Activity –
Could you set down every entry exactly as it stands, without the images?

[Opening The data section]

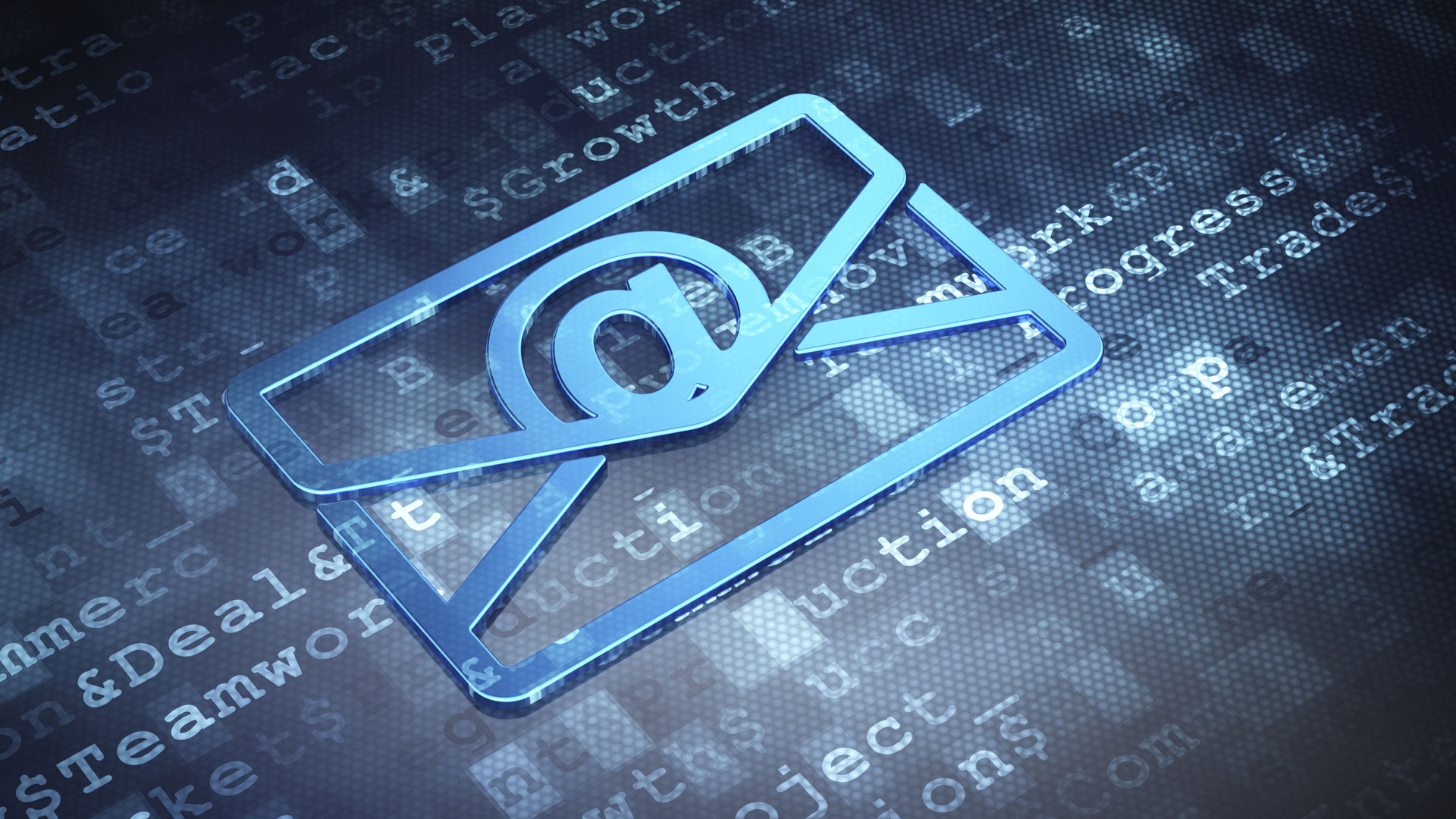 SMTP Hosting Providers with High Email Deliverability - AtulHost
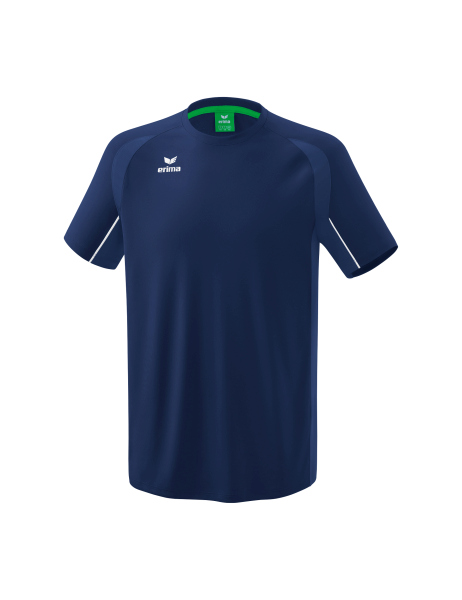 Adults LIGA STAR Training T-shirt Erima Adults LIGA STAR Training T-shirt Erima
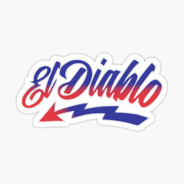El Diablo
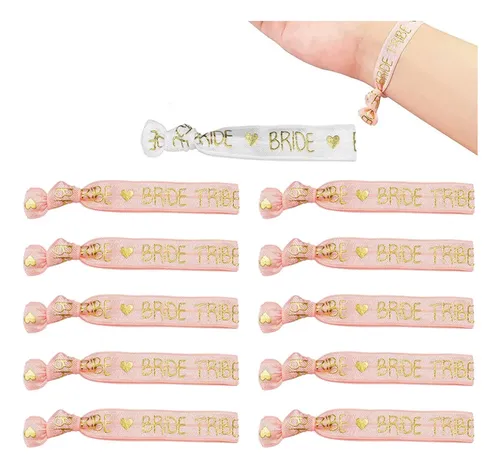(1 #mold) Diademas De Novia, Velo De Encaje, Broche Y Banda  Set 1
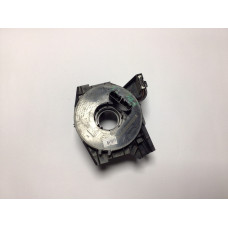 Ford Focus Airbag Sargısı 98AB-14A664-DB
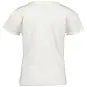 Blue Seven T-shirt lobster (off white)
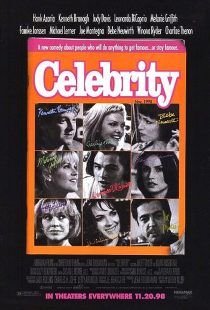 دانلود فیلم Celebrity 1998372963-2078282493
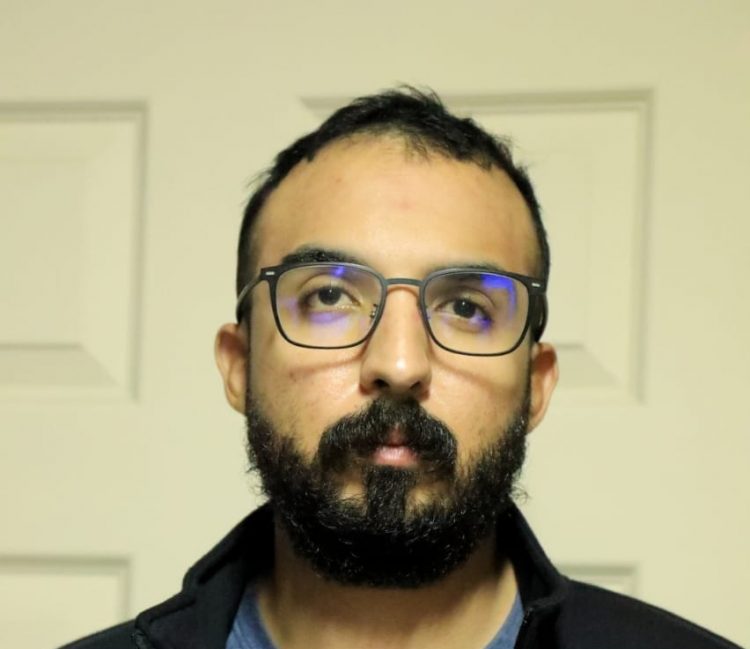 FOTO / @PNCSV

[Closing The data section]

Task output –
 SMTP Hosting Providers with High Email Deliverability - AtulHost
 Adults LIGA STAR Training T-shirt Erima Adults LIGA STAR Training T-shirt Erima
El Diablo
(1 #mold) Diademas De Novia, Velo De Encaje, Broche Y Banda  Set 1
 Ford Focus Airbag Sargısı 98AB-14A664-DB
 Blue Seven T-shirt lobster (off white)
 دانلود فیلم Celebrity 1998372963-2078282493
 FOTO / @PNCSV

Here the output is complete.